=== YOUR TASK ===
Print the line containing "WBY AMMO 6.5-300WBY" and all lines after it to the end of the records below, exactly as written. No pictures.

SUPPLIED RECORDS: Begin

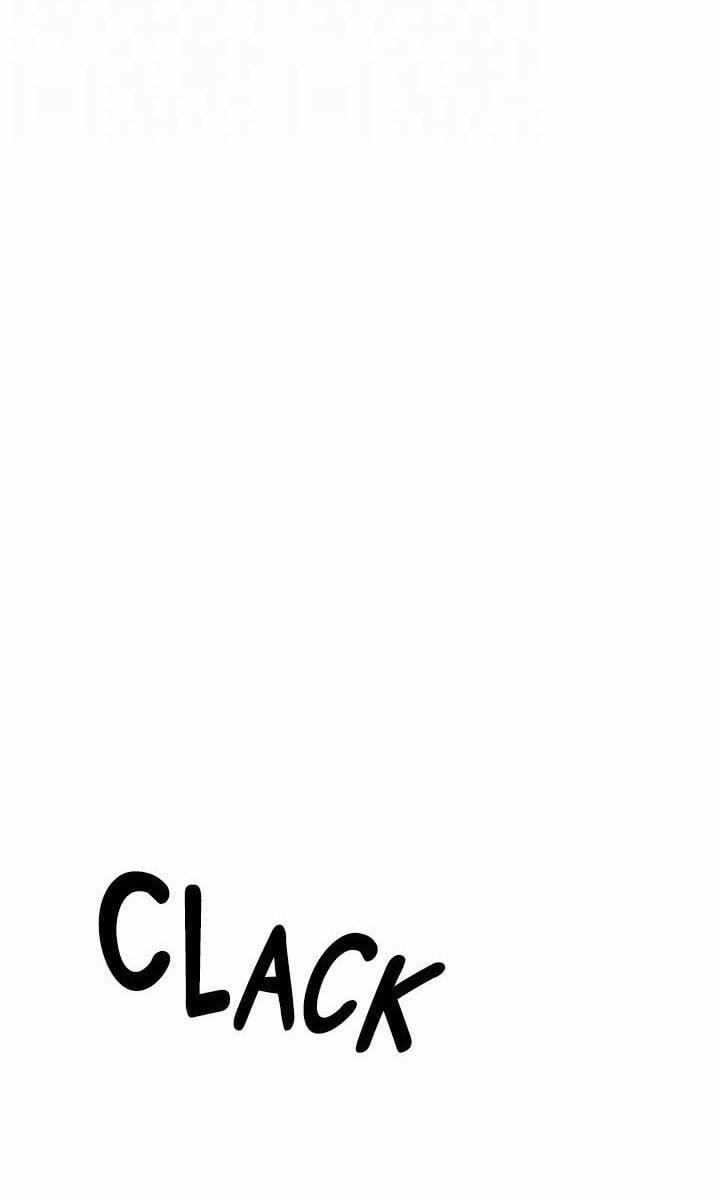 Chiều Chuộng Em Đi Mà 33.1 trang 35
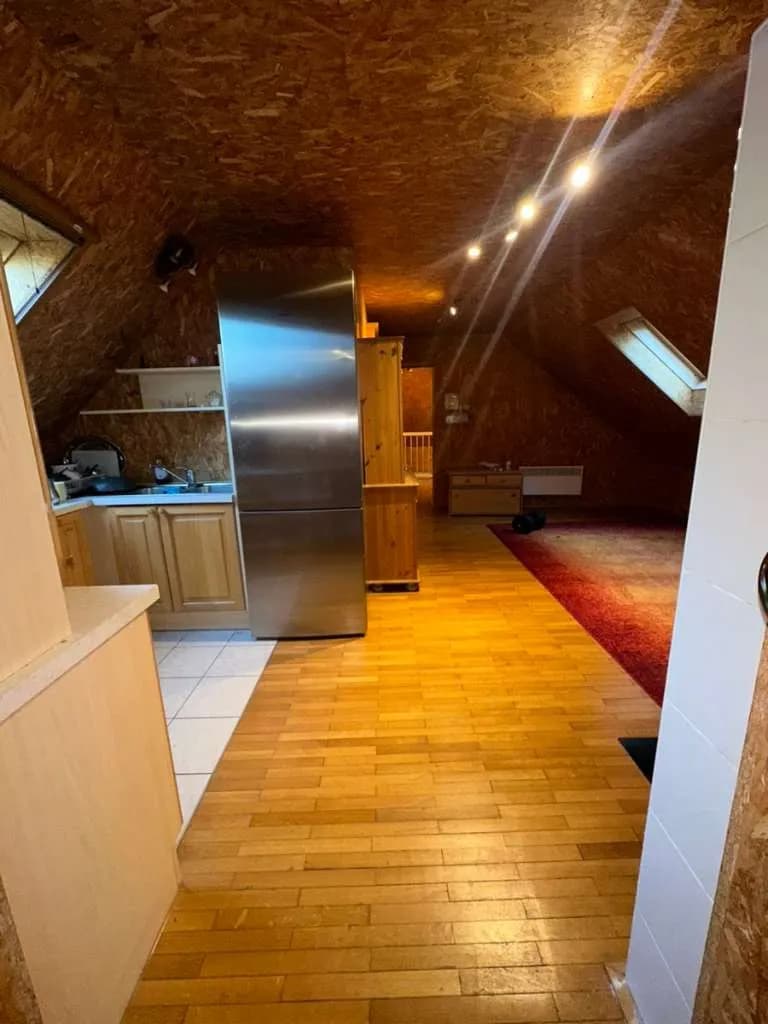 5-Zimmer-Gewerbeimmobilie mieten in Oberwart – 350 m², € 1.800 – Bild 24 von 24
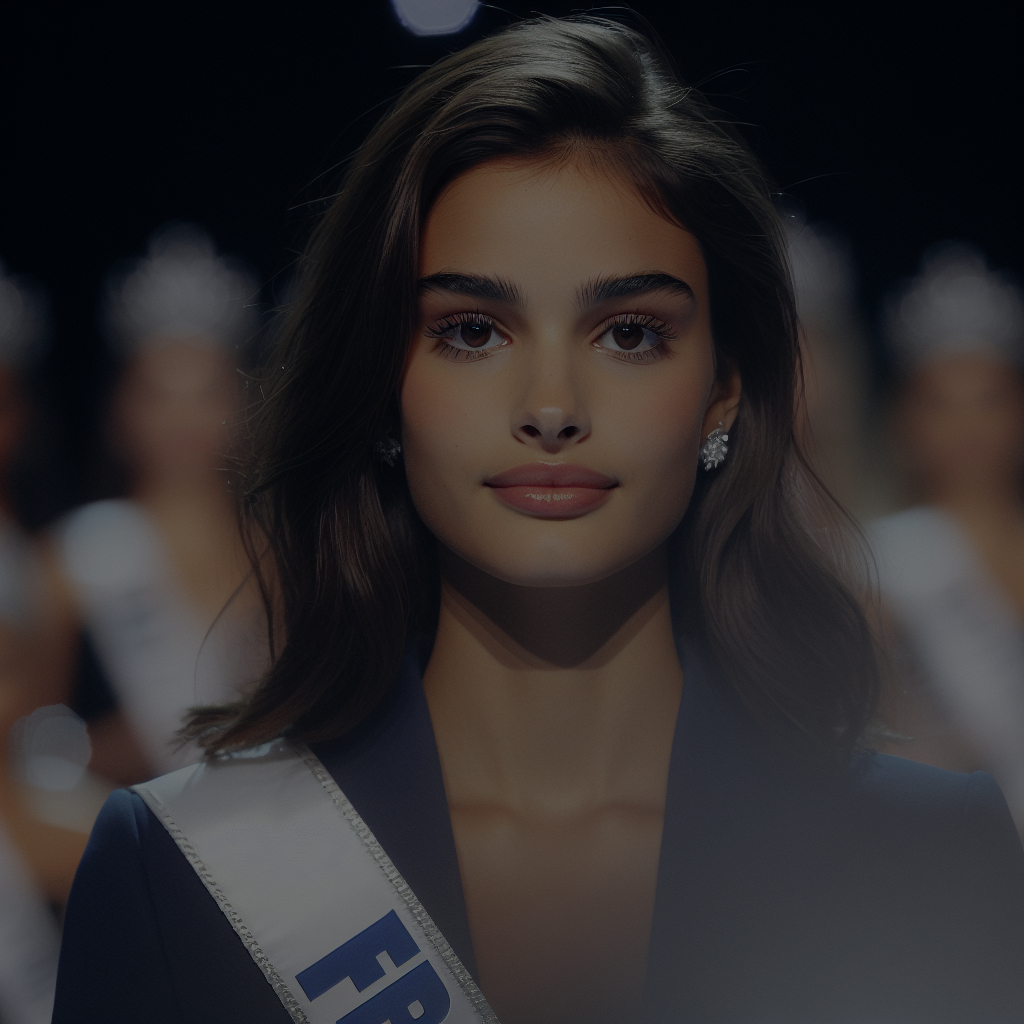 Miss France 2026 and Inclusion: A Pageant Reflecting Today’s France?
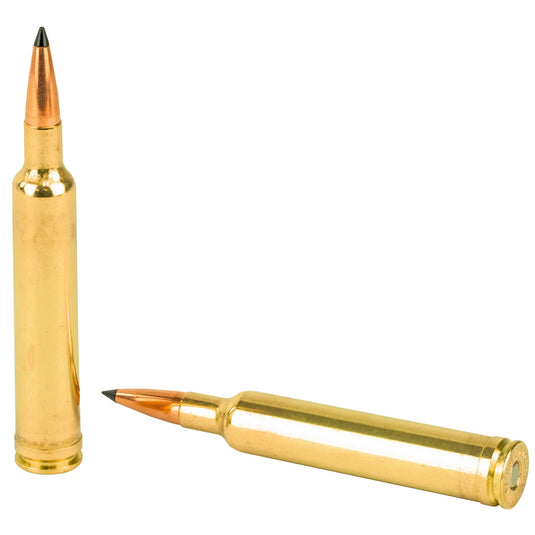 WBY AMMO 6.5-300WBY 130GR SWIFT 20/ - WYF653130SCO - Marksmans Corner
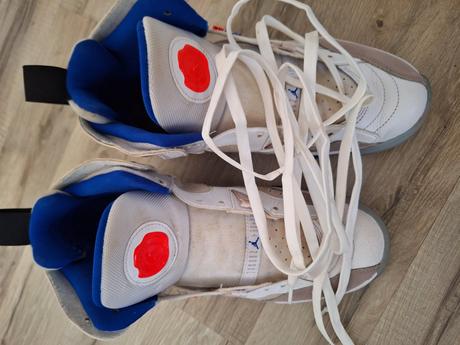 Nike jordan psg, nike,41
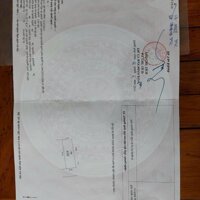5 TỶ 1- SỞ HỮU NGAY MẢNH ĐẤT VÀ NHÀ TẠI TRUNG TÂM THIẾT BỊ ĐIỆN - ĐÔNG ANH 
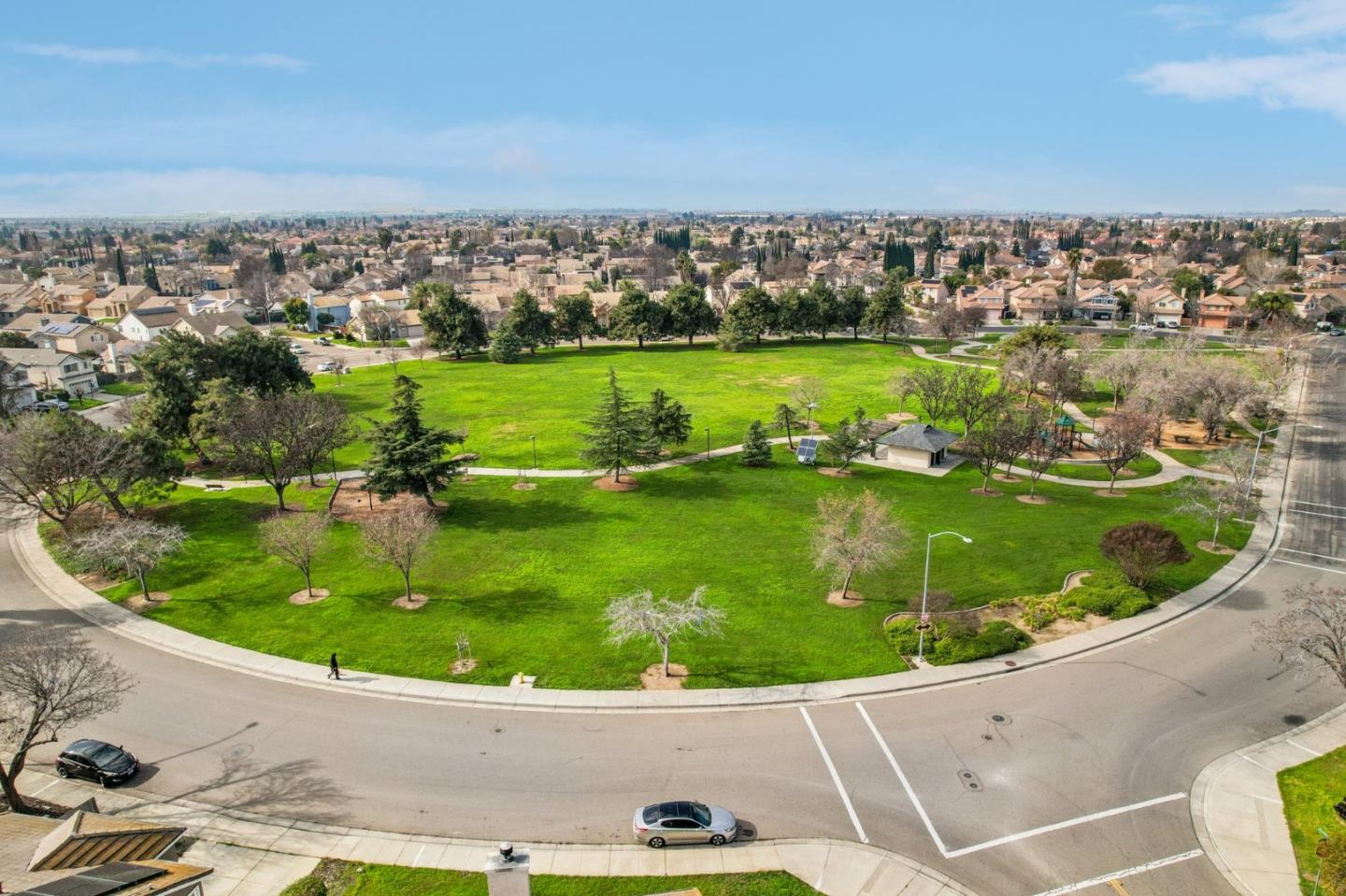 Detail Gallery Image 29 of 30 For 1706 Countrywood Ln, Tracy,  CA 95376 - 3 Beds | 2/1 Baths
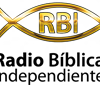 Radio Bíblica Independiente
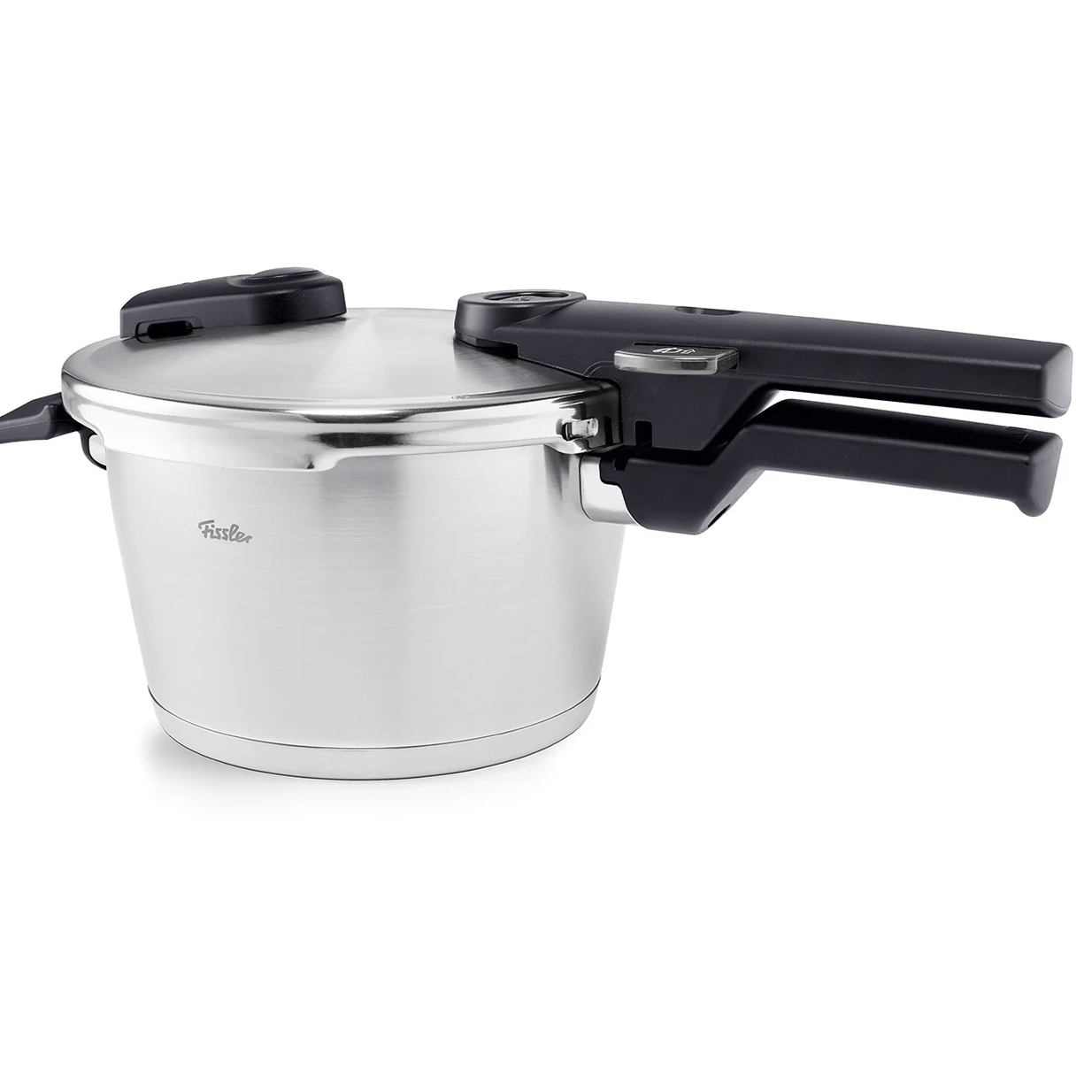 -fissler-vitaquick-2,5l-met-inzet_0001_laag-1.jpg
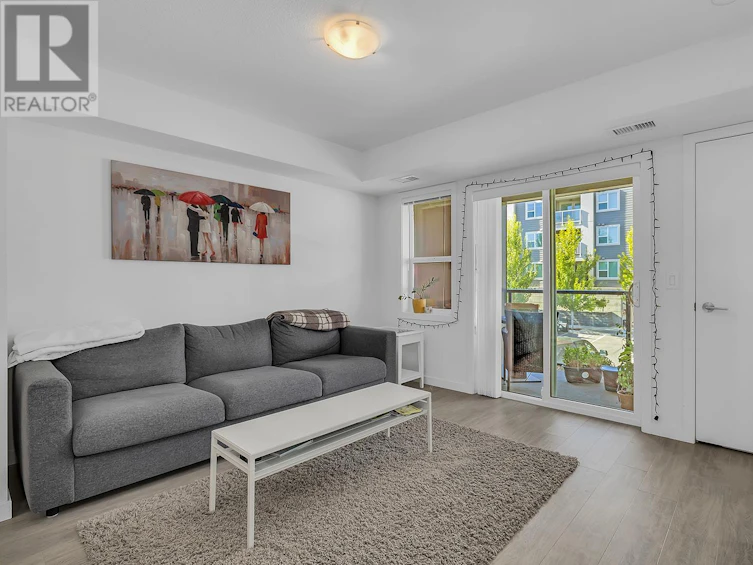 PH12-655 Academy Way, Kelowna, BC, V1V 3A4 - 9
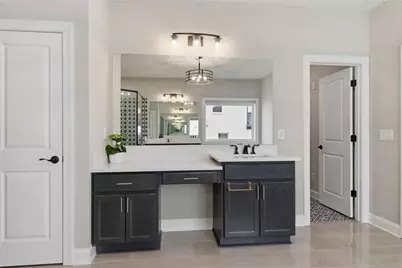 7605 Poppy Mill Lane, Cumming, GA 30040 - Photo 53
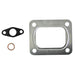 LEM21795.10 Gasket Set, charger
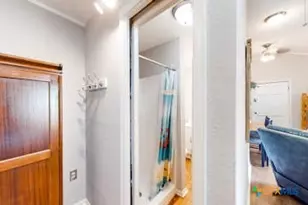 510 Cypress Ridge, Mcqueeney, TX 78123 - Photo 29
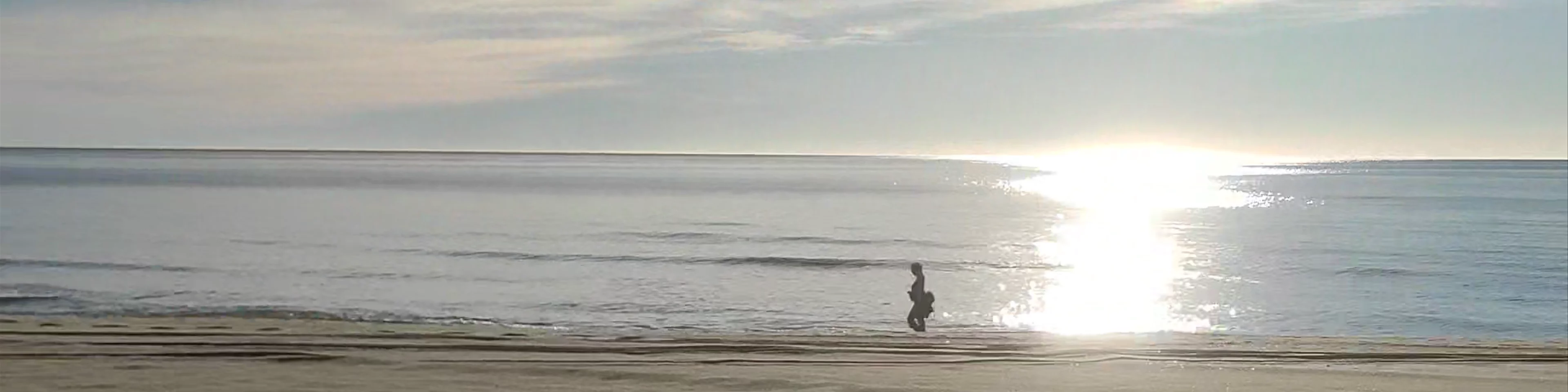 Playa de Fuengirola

SUPPLIED RECORDS: End

=== RESPONSE ===
 WBY AMMO 6.5-300WBY 130GR SWIFT 20/ - WYF653130SCO - Marksmans Corner
 Nike jordan psg, nike,41
5 TỶ 1- SỞ HỮU NGAY MẢNH ĐẤT VÀ NHÀ TẠI TRUNG TÂM THIẾT BỊ ĐIỆN - ĐÔNG ANH 
 Detail Gallery Image 29 of 30 For 1706 Countrywood Ln, Tracy,  CA 95376 - 3 Beds | 2/1 Baths
 Radio Bíblica Independiente
 -fissler-vitaquick-2,5l-met-inzet_0001_laag-1.jpg
 PH12-655 Academy Way, Kelowna, BC, V1V 3A4 - 9
 7605 Poppy Mill Lane, Cumming, GA 30040 - Photo 53
 LEM21795.10 Gasket Set, charger
 510 Cypress Ridge, Mcqueeney, TX 78123 - Photo 29
 Playa de Fuengirola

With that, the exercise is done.